Uber has previously been criticized for not paying its fair share of tax.
Earlier this year an alliance of more than 20,000 taxi and minicab drivers called for the government to crack down on the app’s “unfair” tax practices.
TAXI app firm Uber paid no corporation tax last year despite raking in more than £11.3million, its accounts reveal. pic.twitter.com/ukCCObvG5Q— taximassive MM (@taximassive) October 20, 2015
Wright accused Uber of gaining an “uncompetitive advantage” by processing London bookings through its Dutch subsidiary so it pays a lower rate of VAT on the commission it takes from fares.
“Uber appears to have structured its [London] operation with the sole purpose of avoiding the application of VAT in the UK at the prevailing rate,” Wright said in a letter to HM Revenue & Customs in January.
“This is despite being a UK-registered company and a Licensed London Private Hire Operator, promoting its services in the UK and carrying out journeys in the UK for UK credit and debit cardholders,” he added.
‘Compliant with all tax laws’
The taxi firm still insists it is compliant with tax law.
“Uber complies with all applicable tax laws ... As such we are fully compliant with the tax laws of the United Kingdom and the European Union,” an Uber spokesperson said in a statement.
“Corporation tax is paid on profits not revenue.
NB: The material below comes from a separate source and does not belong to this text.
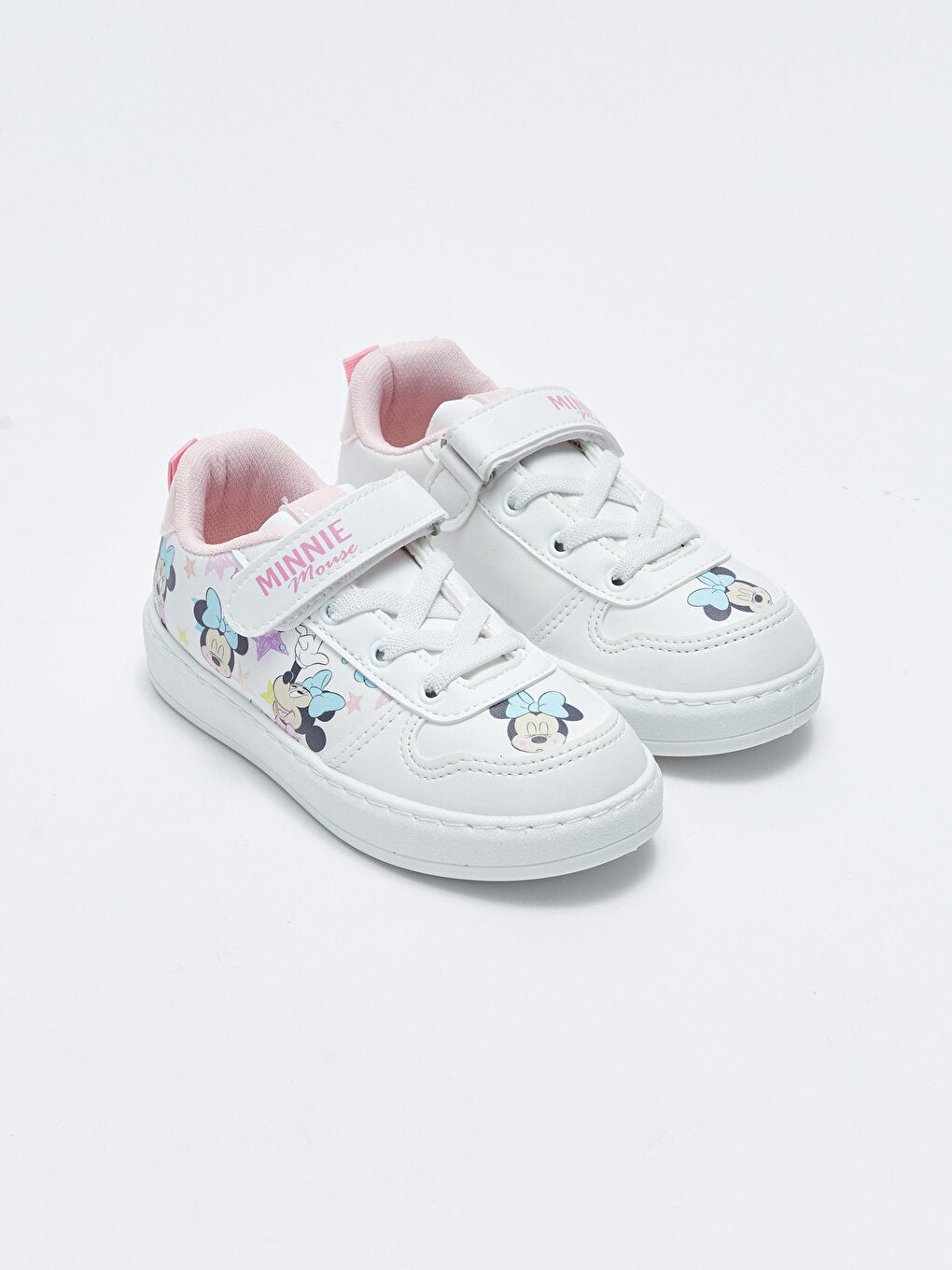 Minnie Mouse Licensed Velcro Girls' Sneakers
Deferred tax is an accounting principle that dates back to Benjamin Disraeli to encourage investment. It’s not a loophole,” the firm told the Metro on Tuesday.
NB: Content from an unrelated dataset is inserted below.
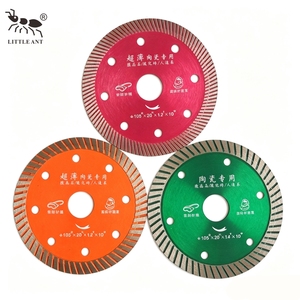 Disques de coupe pour <span class=keywords><strong>carrelage</strong></span> LITTLE ANT à longue durée de vie, 4 pouces (105 mm), pour céramique, porcelaine, marbre, pierre, segments de meulage - Product Image 6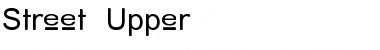 Download Street - Upper Regular Font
"Took an Uber to A&E, really cheap, but spent 6 hours waiting to be seen,now I'm thinking perhaps not that cheap" https://t.co/6L9U57Kt6X— DarthvaporMM luddite (@Dawson623) October 20, 2015
“We’re a young company – only three years’ old in the UK – that’s investing heavily. We’re a significant net contributor to the local economy everywhere we go, creating new opportunities for thousands of professional drivers.
“The lion’s share of every fare stays local, as it remains with the drivers who use Uber. And unlike the cash-in-hand past of this industry, we only take card payments so every fare is traceable and transparent.”